Im Übrigen wird die Revision zurückgewiesen.
Die Kosten der ersten Instanz einschließlich der außergerichtlichen Kosten der Beigeladenen trägt die Klägerin zur Hälfte. Der Beklagte und die Beigeladene tragen von den Gerichtskosten und den außergerichtlichen Kosten der Klägerin jeweils ein Viertel sowie ihre eigenen außergerichtlichen Kosten zur Hälfte.
Die Kosten des Revisionsverfahrens einschließlich der außergerichtlichen Kosten der Beigeladenen tragen die Klägerin und die Beigeladene je zur Hälfte.
Tatbestand
I.
Gegenstand der Verwaltungsstreitsache ist die Berechtigtenstellung sowie die Rückzahlungspflicht hinsichtlich der staatlichen Beteiligung und einer erhaltenen Entschädigung in Bezug auf die ehemalige G.… Konservenfabrik Ernst F.…/Edmund M.… KG.

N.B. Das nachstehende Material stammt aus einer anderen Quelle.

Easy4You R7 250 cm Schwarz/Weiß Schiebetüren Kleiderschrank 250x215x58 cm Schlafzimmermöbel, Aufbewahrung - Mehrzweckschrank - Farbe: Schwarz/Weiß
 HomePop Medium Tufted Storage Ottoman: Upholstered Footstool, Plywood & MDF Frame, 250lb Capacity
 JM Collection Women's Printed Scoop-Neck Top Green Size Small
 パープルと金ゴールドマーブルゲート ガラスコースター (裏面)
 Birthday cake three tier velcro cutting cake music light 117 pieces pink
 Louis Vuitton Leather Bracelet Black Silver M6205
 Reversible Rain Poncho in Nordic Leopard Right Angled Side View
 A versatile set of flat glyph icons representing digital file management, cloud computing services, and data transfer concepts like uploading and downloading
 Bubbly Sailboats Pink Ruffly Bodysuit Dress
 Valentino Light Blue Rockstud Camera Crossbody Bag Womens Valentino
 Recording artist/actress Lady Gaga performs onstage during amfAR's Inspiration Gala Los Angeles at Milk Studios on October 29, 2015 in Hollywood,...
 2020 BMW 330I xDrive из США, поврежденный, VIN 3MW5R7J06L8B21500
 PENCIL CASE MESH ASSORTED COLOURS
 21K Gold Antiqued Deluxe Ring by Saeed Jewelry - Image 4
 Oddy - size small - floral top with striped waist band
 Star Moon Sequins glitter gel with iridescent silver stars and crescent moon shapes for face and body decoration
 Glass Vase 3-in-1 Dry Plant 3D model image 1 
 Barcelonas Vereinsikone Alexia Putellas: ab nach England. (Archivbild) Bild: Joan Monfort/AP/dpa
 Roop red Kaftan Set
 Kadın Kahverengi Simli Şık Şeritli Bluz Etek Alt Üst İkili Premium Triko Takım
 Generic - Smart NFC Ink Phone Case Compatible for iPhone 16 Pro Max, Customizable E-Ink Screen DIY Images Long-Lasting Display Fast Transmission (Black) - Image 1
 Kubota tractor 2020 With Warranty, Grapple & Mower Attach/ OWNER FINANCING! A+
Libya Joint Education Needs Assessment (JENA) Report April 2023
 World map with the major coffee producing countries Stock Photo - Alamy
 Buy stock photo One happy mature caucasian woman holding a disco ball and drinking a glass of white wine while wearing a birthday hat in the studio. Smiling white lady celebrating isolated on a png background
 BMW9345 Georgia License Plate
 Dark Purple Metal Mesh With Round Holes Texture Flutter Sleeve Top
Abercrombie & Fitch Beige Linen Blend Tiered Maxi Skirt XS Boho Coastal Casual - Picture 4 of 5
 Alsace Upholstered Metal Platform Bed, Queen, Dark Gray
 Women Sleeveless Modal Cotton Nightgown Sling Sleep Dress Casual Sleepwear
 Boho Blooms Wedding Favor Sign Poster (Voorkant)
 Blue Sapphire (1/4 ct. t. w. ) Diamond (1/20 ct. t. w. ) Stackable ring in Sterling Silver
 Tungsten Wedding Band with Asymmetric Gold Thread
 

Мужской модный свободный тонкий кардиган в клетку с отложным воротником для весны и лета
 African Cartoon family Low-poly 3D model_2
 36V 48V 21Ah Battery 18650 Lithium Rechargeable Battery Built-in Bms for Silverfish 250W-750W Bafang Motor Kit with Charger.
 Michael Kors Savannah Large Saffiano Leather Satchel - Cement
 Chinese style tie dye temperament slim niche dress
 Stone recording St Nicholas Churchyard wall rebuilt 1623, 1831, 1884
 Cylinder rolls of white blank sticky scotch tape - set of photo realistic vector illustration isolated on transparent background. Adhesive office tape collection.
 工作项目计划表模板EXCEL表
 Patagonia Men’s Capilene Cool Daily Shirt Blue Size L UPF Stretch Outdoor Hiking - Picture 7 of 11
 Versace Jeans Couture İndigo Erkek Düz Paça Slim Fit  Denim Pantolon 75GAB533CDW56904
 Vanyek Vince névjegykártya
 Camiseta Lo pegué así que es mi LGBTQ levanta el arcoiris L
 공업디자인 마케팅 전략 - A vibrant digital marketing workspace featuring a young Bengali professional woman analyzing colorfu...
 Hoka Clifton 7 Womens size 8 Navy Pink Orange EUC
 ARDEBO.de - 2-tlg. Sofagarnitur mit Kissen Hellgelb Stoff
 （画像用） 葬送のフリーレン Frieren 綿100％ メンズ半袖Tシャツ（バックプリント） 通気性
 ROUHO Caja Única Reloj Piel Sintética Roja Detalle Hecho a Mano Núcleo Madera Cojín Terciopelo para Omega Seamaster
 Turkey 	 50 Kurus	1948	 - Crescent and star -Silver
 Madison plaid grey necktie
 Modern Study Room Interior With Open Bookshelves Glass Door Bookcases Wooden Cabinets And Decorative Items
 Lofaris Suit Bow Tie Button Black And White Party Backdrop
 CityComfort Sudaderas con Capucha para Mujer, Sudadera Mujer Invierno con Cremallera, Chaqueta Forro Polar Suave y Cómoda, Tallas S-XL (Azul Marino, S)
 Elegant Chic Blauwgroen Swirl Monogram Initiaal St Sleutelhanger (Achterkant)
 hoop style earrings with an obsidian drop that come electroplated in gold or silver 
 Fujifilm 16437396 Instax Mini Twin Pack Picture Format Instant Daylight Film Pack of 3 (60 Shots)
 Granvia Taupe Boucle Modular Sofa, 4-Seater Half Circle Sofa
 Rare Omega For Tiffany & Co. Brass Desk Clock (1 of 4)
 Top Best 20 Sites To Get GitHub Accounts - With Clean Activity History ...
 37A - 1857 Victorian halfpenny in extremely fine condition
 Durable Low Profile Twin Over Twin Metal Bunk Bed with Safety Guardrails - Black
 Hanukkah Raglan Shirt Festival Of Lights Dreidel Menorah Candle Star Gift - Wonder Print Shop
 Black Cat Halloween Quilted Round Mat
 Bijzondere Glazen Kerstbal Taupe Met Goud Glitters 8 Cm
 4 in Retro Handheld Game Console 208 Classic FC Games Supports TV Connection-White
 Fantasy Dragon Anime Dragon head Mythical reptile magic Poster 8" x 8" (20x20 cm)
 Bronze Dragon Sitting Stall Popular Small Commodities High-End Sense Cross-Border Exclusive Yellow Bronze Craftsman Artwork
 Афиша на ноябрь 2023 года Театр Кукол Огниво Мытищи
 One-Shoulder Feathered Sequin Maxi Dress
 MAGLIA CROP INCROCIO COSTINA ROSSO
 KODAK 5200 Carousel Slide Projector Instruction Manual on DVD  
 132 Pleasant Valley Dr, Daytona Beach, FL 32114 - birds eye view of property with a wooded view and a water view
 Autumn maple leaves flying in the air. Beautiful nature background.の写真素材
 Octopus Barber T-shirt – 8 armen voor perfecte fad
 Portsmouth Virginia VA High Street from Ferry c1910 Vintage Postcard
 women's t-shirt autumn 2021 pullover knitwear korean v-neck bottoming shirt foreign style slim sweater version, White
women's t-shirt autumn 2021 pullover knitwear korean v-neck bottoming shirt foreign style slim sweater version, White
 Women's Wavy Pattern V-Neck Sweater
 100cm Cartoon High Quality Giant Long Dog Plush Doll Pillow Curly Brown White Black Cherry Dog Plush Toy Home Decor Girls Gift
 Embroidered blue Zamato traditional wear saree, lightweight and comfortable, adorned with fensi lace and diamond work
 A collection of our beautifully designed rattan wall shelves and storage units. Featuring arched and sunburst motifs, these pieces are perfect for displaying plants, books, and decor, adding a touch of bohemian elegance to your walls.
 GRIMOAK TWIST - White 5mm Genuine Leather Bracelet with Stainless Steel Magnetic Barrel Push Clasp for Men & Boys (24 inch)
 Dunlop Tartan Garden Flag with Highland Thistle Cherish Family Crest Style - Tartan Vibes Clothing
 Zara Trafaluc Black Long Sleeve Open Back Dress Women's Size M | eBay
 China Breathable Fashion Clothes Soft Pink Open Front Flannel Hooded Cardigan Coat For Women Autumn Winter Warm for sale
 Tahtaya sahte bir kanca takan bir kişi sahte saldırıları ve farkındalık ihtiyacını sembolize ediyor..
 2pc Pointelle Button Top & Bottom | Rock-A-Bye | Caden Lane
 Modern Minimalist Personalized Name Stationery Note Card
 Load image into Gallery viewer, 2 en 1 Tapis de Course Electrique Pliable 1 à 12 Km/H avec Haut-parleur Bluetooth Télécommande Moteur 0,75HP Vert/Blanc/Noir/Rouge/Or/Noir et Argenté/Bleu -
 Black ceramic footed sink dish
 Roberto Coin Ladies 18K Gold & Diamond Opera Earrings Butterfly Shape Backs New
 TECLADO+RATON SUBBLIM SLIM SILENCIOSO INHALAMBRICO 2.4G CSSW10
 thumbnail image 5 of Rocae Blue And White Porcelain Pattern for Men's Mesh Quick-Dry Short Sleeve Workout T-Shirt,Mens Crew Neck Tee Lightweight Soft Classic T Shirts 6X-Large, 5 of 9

Die Firma G.… Konservenfabrik Ernst F.…/Edmund M.… KG entstand 1968 durch Zusammenschluss der Firma Ernst F.… KG, die eine Betriebsstätte in der W.…-Straße unterhielt und an der seit 1. Juli 1959 die Deutsche Investitionsbank Berlin mit einer Einlage von 65 000 DM als Kommanditistin beteiligt war und der Firma Edmund M.… KG, die eine Betriebsstätte in der H.…-Straße unterhielt und an der die Deutsche Investitionsbank Berlin seit 1. Juli 1958 ebenfalls als Kommanditistin beteiligt war. Im Jahr 1972 stellten sich die Gesellschaftsverhältnisse an der Ernst F.…/Edmund M.… KG wie folgt dar:
Karl-Heinz F.… |
147 200 M |
21,65 %, |
Hans W.… |
165 500 M und |
|
Ursula W.… |
64 400 M, |
33,83 % |
IHB G.… |
302 500 M |
44,52 %. |
1972 wurde die Firma in Volkseigentum übernommen und als VEB G.… Konservenfabrik weitergeführt. Wegen der Schädigung wurden nach Abzug der Steuern an
Karl-Heinz F.… |
134 000,00 M, |
Hans W… |
100 183,64 M und |
Ursula W… |
46 424,51 M |
gezahlt.
Mit Schreiben vom 15. März 1990 beantragte Karl-Heinz F.… gegenüber dem Wirtschaftsrat des Bezirkes G.…, seinen elterlichen Betrieb wieder zu erwerben. Mit Bescheid vom 8. Mai 1991 stellte das Thüringer Finanzministerium die Berechtigung des Antragstellers zur Rückübertragung der Eigentumsrechte am ehemaligen Unternehmen G.… Konservenfabrik Ernst F.…/Edmund M.… KG fest, lehnte den Antrag auf Rückübertragung des Eigentums ab, weil die Voraussetzungen für die Rückübertragung von Vermögenswerten gemäß § 4 Abs. 1 VermG nicht vorlägen, und stellte fest, dass Karl-Heinz F.… wegen des Eigentumsverlustes an der Firma ein Entschädigungsanspruch zustehe. Art und Höhe der Entschädigung werde durch gesonderten Bescheid festgesetzt. In der Begründung des Bescheides wird darauf hingewiesen, dass der Berechtigte nach § 6 Abs. 6a VermG auf Antrag die Rückgabe derjenigen Vermögensgegenstände verlangen könne, die sich im Zeitpunkt der Schädigung in seinem Eigentum befanden oder an deren Stelle getreten sind.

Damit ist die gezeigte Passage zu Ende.